Fonseca, un disastro tattico: la difesa giallorossa è un colabrodo

Paulo Fonseca (Getty Images)

(R.Rodio) – Basterebbero i numeri, i dati più spiccioli, per far capire come sia stata disastrosa la stagione della Roma. In particolare a livello tattico e strategico, con attenzione particolare ad una fase difensiva mai apprezzabile.

I giallorossi, sotto la guida di Paulo Fonseca tra il 2019 ed il 2021, hanno incassato 107 reti in campionato. Una cifra impressionante, con ancora due gare della stagione in corso da disputare. Numeri da media-bassa classifica, nonostante la sua Roma fosse comunque, a prescindere dal piazzamento attuale, in corsa per i primi quattro posti.

Altro numero che spaventa: la seconda Roma fonsechiana ha subito gol da tutte le 19 contendenti di Serie A, tranne una.

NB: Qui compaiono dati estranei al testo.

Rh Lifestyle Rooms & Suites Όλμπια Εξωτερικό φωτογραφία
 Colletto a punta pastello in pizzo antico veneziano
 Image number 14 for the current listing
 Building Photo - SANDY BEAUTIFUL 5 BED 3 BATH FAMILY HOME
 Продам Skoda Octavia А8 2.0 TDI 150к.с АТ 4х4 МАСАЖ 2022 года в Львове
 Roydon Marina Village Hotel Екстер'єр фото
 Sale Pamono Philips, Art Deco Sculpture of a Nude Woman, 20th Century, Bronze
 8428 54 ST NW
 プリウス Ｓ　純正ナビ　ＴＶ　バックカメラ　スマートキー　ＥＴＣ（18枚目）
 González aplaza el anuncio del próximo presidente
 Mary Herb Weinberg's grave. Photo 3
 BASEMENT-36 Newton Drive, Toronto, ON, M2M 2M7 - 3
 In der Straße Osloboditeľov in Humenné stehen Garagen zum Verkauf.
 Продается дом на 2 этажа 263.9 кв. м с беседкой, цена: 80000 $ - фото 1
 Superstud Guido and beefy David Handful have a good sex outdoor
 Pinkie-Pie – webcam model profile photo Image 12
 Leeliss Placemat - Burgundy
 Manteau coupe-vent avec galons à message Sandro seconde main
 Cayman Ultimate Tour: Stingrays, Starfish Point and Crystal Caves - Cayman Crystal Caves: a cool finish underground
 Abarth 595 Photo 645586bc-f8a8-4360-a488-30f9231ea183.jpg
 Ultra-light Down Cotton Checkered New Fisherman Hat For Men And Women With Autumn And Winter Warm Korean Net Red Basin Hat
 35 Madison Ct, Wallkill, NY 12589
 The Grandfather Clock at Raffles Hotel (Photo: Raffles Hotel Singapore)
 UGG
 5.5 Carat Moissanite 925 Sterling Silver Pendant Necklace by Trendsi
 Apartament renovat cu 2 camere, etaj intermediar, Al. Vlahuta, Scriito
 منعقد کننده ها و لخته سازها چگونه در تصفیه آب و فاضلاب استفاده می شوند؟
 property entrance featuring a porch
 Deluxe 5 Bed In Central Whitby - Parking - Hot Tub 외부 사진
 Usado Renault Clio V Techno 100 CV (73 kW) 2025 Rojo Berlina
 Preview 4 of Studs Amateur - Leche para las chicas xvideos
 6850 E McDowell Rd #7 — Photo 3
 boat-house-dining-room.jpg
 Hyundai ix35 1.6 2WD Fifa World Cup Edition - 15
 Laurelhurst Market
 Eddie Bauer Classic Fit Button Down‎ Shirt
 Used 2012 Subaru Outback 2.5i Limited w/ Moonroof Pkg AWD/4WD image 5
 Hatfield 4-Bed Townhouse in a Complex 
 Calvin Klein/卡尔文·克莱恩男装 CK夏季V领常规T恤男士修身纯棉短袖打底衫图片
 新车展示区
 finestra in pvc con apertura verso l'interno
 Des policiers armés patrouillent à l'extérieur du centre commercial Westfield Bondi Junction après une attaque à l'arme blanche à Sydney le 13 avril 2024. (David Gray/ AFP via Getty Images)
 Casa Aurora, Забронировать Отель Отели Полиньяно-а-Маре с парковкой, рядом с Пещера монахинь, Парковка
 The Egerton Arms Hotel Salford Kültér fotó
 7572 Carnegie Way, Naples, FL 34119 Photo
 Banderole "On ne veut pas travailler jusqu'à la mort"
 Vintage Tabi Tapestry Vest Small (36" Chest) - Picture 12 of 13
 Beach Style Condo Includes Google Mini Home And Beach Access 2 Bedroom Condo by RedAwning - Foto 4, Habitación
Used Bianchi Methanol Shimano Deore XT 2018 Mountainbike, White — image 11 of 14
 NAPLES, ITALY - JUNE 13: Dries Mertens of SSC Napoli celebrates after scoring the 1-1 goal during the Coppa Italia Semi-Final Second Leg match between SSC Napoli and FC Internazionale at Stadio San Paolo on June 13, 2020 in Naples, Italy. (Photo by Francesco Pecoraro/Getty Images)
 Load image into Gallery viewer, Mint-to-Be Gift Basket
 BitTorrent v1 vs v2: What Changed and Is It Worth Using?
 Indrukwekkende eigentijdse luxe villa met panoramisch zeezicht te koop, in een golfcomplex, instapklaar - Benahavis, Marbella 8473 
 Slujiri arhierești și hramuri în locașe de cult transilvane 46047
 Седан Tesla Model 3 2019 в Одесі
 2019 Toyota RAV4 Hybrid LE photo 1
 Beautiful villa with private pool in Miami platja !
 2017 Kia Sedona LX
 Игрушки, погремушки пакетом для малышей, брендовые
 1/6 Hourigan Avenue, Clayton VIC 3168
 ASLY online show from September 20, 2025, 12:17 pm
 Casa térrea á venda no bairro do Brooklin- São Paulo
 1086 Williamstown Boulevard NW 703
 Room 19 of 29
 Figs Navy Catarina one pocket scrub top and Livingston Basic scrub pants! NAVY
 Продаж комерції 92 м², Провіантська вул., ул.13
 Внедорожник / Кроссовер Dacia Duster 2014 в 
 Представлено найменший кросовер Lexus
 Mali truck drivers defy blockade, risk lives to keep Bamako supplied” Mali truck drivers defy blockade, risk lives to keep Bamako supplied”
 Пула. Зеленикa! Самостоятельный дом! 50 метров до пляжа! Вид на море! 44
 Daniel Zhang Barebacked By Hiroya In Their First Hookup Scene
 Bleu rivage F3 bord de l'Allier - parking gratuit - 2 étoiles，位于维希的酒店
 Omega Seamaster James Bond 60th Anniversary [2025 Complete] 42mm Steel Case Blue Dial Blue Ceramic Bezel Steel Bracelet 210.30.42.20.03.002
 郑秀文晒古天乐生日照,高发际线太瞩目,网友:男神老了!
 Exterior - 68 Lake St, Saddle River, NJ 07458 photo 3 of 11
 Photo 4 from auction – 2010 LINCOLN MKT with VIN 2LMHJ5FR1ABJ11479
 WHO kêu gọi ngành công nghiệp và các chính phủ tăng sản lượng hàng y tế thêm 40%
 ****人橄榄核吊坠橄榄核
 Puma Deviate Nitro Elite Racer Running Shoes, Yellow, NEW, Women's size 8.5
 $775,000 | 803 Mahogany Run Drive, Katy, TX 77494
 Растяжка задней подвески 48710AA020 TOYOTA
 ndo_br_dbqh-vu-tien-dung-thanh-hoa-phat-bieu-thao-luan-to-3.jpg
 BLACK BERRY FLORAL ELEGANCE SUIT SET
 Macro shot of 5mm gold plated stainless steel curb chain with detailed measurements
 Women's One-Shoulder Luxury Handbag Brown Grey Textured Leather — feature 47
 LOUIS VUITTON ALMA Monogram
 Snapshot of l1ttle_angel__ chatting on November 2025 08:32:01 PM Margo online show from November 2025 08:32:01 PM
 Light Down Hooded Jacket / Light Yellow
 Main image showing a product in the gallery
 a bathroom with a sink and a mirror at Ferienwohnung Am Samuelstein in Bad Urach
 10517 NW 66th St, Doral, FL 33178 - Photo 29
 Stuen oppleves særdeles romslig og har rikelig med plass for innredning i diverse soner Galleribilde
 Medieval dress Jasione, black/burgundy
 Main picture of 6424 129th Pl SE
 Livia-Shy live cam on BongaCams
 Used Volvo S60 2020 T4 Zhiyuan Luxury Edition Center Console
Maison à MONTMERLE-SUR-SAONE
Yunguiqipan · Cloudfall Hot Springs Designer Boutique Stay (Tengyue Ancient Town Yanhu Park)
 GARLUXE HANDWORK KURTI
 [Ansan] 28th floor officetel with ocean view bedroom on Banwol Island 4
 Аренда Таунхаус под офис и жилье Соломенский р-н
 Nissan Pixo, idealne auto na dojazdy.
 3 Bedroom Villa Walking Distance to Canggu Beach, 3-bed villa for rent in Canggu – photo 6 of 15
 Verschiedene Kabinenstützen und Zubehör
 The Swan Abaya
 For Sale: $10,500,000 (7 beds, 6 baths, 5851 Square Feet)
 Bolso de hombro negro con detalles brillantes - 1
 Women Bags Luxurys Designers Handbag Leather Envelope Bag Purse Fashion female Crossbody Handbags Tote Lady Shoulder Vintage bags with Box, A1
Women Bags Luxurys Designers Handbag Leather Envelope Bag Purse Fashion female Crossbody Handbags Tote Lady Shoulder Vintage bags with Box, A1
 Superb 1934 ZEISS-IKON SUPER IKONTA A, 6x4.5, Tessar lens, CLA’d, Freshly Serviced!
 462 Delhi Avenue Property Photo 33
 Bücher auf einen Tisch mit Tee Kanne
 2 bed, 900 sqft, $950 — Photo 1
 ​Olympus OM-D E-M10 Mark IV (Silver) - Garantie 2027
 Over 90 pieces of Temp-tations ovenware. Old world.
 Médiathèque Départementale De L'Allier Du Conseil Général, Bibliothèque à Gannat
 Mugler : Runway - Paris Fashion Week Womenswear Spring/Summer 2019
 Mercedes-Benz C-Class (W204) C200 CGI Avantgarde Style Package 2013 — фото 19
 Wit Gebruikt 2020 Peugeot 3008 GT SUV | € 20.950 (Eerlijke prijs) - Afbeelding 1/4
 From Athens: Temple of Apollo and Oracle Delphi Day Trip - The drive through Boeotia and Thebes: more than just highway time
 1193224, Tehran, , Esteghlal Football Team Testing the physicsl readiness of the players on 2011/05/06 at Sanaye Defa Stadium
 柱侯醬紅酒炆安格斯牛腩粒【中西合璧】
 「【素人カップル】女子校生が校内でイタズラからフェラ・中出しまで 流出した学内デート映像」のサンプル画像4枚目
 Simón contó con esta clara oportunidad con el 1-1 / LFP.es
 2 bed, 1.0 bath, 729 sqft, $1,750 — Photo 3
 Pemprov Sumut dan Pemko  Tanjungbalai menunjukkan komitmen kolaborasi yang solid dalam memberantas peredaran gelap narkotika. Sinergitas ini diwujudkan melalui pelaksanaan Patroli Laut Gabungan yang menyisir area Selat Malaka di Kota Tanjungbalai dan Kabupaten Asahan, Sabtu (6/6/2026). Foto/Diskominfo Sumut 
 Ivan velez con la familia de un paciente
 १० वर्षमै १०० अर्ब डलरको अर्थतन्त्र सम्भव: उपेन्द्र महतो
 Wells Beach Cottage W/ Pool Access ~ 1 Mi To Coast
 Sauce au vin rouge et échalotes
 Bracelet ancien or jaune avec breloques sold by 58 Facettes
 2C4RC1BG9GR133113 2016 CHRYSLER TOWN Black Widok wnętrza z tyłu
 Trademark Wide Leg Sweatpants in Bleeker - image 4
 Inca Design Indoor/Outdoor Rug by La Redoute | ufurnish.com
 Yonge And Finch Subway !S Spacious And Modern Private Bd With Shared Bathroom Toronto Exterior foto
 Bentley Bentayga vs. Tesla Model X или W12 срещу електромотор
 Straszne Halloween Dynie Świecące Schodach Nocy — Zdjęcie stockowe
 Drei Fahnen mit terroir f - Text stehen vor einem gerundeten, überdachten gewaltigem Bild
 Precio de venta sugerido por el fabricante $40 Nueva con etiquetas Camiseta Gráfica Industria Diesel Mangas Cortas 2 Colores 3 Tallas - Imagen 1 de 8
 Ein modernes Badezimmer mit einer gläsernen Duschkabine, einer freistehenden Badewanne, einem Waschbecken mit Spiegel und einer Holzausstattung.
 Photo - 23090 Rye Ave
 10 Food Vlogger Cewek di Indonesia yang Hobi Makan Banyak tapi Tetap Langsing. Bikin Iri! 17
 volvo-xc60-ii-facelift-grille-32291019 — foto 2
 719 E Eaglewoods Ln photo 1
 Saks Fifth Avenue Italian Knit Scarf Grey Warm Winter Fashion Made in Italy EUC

L’Udinese è l’unica squadra che tra andata e ritorno non è riuscita a bucare la porta di Pau Lopez e Mirante.

Ma di chi è la colpa di questo disastro? Non va certo trovato un unico capro espiatorio, ma di certo la Roma non può considerare i propri difensori dei brocchi all’improvviso, visto che nelle proprie fila vanta elementi ben rilevanti: Mancini è nel giro della Nazionale italiana, Ibanez e Kumbulla considerati da tutti due stelle nascenti, Smalling un leader d’esperienza. Senza parlare dei terzini Karsdorp e Spinazzola e della ‘generosità’ di Bruno Peres.

Il problema è la preparazione difensiva, che comprende i movimenti e le posizioni di tutti i reparti. Così come l’attenzione troppo spesso carente. Qui iniziano i difetti di Fonseca e del suo staff, che già dalla stagione 2019-20 aveva messo in mostra una incapacità di preparare la fase di contenimento, tranne in qualche sporadica prestazione da clean sheet.

Il passaggio dalla linea a 4, sempre utilizzata in passato da Fonseca, a quella a tre nel periodo post-lockdown sembrava aver rivoluzionato la Roma. Nel luglio-agosto 2020 i giallorossi, schierati con una sorta di 3-4-3, hanno perso solo una partita a Napoli, per poi ottenere 8 risultati utili consecutivi e 11 reti subite, un dato non così eccessivo.

Ma nel calcio si sa, non basta un esperimento per migliorare e creare un progetto tattico concreto. Serve allenamento, esperienza e gli interpreti giusti. Nel 2020-21 la difesa a tre di Fonseca è stata letteralmente devastata. Il suo modulo ha visto i tre centrali troppo spesso isolati, incapaci di difendere a zona e poco inclini a mandare in off-side gli attaccanti avversari.

Per non parlare dei numerosi errori in fase di impostazione, visto che gente come Ibanez o Kumbulla non sono effettivamente in grado di far partire l’azione. Senza l’aiuto degli esterni e di un mediano vero e proprio, il modulo di Fonseca ha iniziato a fare acqua da tutte le parti. Non a caso sono arrivate le goleade subite contro Atalanta, Lazio e Manchester United. Neanche l’inserimento di Cristante come centrale d’eccezione ha migliorato le cose.

I costanti infortuni di Smalling hanno complicato le cose per gran parte dell’annata. Fonseca è stato persino costretto a ripescare elementi ormai in cantina come Fazio, Juan Jesus e Santon, o gettare nella mischia l’inesperto Reynolds, continuando a fare figuracce assolute. Tutto ciò ha messo in luce uan fase difensiva scialba e distratta, ma anche le qualità forse sopravvalutate dei calciatori romanisti.

Nelle ultime gare Fonseca è tornato alla linea a quattro. Si dice sia un’indicazione del suo futuro successore e compaesano José Mourinho, che ama costruire le proprie squadre proprio su questo tipo di schieramento arretrato. Ma le cose non sono cambiate: formazione lunga, zero protezione dal centrocampo e difensori lasciati soli al loro destino. Inter-Roma 3-1 di ieri è l’esempio di come il tecnico ex Shakhtar non abbia lavorato sulle coperture preventive, sul baricentro da abbassare, sulla fase di pressione costantemente mal eseguita.

Un fallimento tattico generale testimoniato dai numeri che abbiamo già citato. La speranza futura è che Mourinho riparta proprio da questo, impostando una Roma meno spettacolare e votata al possesso palla ma più tendente al ‘non prenderle’, all’equilibrio e alla concretezza. Agendo sì sul mercato estivo, ma soprattutto nella preparazione, nel lavoro e nell’assimilazione di idee calcistiche meno moderne e più pratiche.